Harte Einwanderungspolitik

Zugute kommt Sunak auch, dass er mehr als die Hälfte der 357 Köpfe starken Tory-Fraktion hinter sich hat. Schon im Sommer-Wahlkampf war er der Favorit der eigenen Parlamentsfraktion, verlor aber in der geschätzt rund 180.000 Mitglieder starken Partei gegen Truss. Besonders bezeichnend ist diesmal, dass sich mit Ex-Innenministerin Suella Braverman und Handelsministerin Kemi Badenoch auch Vertreterinnen des rechten Parteiflügels hinter Sunak stellen.
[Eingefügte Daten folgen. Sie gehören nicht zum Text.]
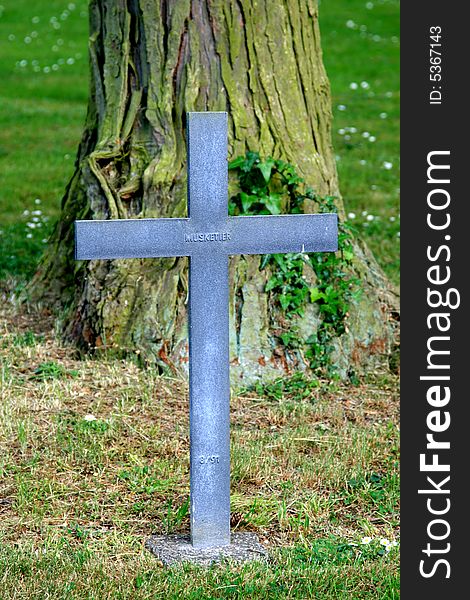 In Dun-sur-Meuse, in the neighbourhood of Verdun in France, the German victims of the first World War (1914-1918) have found their last place to rest. This musketeer has been buried under a tree. In Dun-sur-Meuse, in the neighbourhood of Verdun in France, the German victims of the first World War (1914-1918) have found their last place to rest. This musketeer has been buried under a tree.
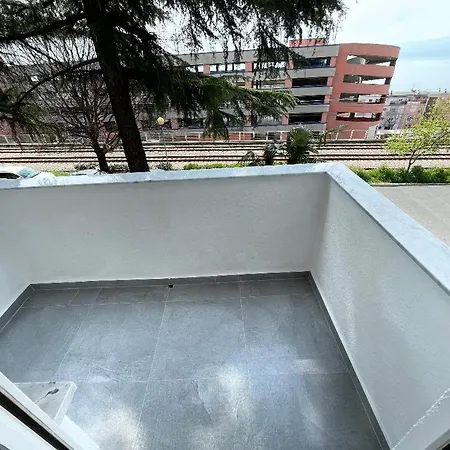 Riviera Apartment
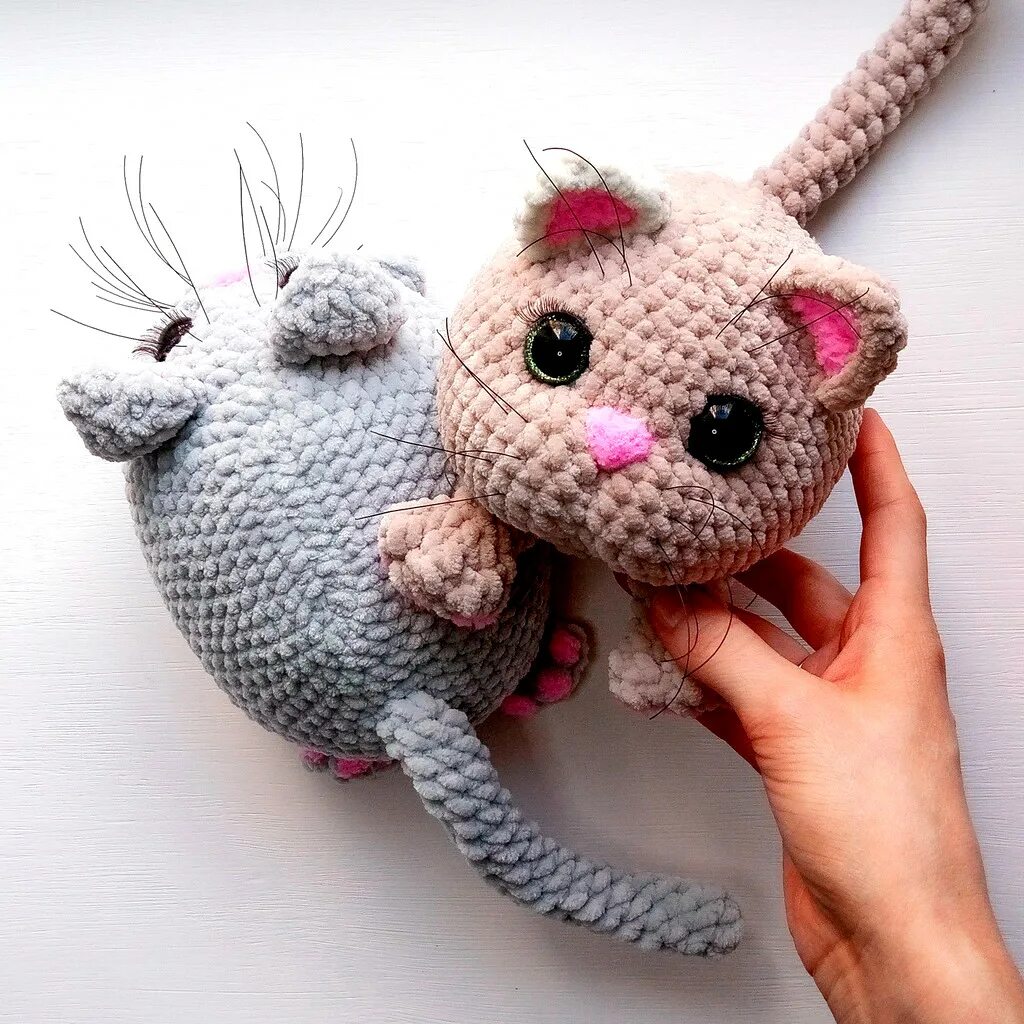 Кошка из пряжи крючком. Вязаные игрушки кошки. Котик крючком. Вязаный котенок. Кошечка амигуруми.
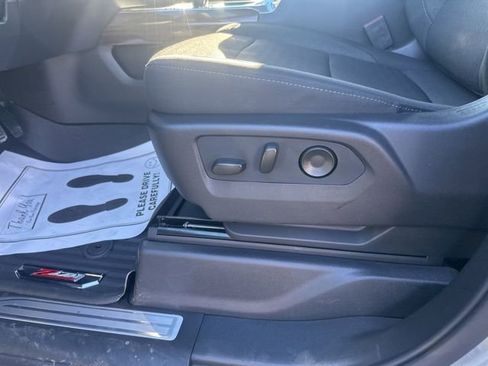 New 2026 Chevrolet Silverado 1500 LT Trail Boss w/ LPO, Dark Essentials Package image 17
Das dürfte auch daran liegen, dass dieser - trotz seines eigenen Migrationshintergrunds - wie Braverman und Badenoch in der Einwanderungspolitik einen harten Kurs verfolgt. Seine Familie sei vor 60 Jahren nach Southampton gekommen. "Aber es war Großbritannien, unser Land, das ihnen und Millionen anderen die Chance auf eine bessere Zukunft gegeben hat", betont er. Als Premier will der Konservative solche Chancen allerdings nur noch sehr beschränkt vergeben: Priorität der Tories ist es, die Tausenden, auf Schlauchbooten über den Ärmelkanal kommenden Migranten zu stoppen und sobald wie möglich nach Ruanda auszufliegen. Sunak will an dem umstrittenen Pakt seiner Vorgänger mit dem ostafrikanischen Land festhalten, der aktuell von Gerichten geprüft wird.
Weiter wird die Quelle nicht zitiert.